- _Assignment_
Repeat the entries below exactly. Begin with the first line and end with the line that contains "Hampsted Siyah Erkek Sneaker 4".

- _Data extract_

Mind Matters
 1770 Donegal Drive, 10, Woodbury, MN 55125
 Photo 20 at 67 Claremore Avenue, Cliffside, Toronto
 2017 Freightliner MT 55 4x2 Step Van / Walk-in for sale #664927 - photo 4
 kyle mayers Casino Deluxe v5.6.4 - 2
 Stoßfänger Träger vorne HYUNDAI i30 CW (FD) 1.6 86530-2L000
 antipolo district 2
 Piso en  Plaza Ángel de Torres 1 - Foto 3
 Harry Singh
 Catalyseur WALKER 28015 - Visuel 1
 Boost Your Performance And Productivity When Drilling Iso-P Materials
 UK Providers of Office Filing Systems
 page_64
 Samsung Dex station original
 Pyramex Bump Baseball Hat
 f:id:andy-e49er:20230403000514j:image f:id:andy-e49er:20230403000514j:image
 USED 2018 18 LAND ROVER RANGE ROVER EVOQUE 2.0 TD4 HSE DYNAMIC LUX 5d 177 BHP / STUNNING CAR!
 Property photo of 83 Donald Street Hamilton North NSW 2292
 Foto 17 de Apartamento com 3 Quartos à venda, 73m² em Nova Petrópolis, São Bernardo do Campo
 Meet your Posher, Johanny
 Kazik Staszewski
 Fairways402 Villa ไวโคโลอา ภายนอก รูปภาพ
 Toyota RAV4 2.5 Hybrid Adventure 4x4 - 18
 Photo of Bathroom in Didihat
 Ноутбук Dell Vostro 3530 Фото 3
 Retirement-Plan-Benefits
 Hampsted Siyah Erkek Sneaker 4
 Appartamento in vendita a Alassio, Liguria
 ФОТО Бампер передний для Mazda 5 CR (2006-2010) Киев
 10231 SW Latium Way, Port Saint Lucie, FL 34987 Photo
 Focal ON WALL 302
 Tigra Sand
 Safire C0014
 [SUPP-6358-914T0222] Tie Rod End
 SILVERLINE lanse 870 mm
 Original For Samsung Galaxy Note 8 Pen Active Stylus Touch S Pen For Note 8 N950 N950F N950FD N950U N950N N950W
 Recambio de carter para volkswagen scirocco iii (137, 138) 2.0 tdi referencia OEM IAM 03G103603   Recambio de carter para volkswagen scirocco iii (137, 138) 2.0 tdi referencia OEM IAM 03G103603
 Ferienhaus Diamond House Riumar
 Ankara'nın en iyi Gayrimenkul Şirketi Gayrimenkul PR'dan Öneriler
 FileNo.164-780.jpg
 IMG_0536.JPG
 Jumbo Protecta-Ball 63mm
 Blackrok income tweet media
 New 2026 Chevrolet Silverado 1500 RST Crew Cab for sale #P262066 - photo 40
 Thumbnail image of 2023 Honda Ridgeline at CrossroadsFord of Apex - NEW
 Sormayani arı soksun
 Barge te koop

- _Result of this exercise_
Mind Matters
 1770 Donegal Drive, 10, Woodbury, MN 55125
 Photo 20 at 67 Claremore Avenue, Cliffside, Toronto
 2017 Freightliner MT 55 4x2 Step Van / Walk-in for sale #664927 - photo 4
 kyle mayers Casino Deluxe v5.6.4 - 2
 Stoßfänger Träger vorne HYUNDAI i30 CW (FD) 1.6 86530-2L000
 antipolo district 2
 Piso en  Plaza Ángel de Torres 1 - Foto 3
 Harry Singh
 Catalyseur WALKER 28015 - Visuel 1
 Boost Your Performance And Productivity When Drilling Iso-P Materials
 UK Providers of Office Filing Systems
 page_64
 Samsung Dex station original
 Pyramex Bump Baseball Hat
 f:id:andy-e49er:20230403000514j:image f:id:andy-e49er:20230403000514j:image
 USED 2018 18 LAND ROVER RANGE ROVER EVOQUE 2.0 TD4 HSE DYNAMIC LUX 5d 177 BHP / STUNNING CAR!
 Property photo of 83 Donald Street Hamilton North NSW 2292
 Foto 17 de Apartamento com 3 Quartos à venda, 73m² em Nova Petrópolis, São Bernardo do Campo
 Meet your Posher, Johanny
 Kazik Staszewski
 Fairways402 Villa ไวโคโลอา ภายนอก รูปภาพ
 Toyota RAV4 2.5 Hybrid Adventure 4x4 - 18
 Photo of Bathroom in Didihat
 Ноутбук Dell Vostro 3530 Фото 3
 Retirement-Plan-Benefits
 Hampsted Siyah Erkek Sneaker 4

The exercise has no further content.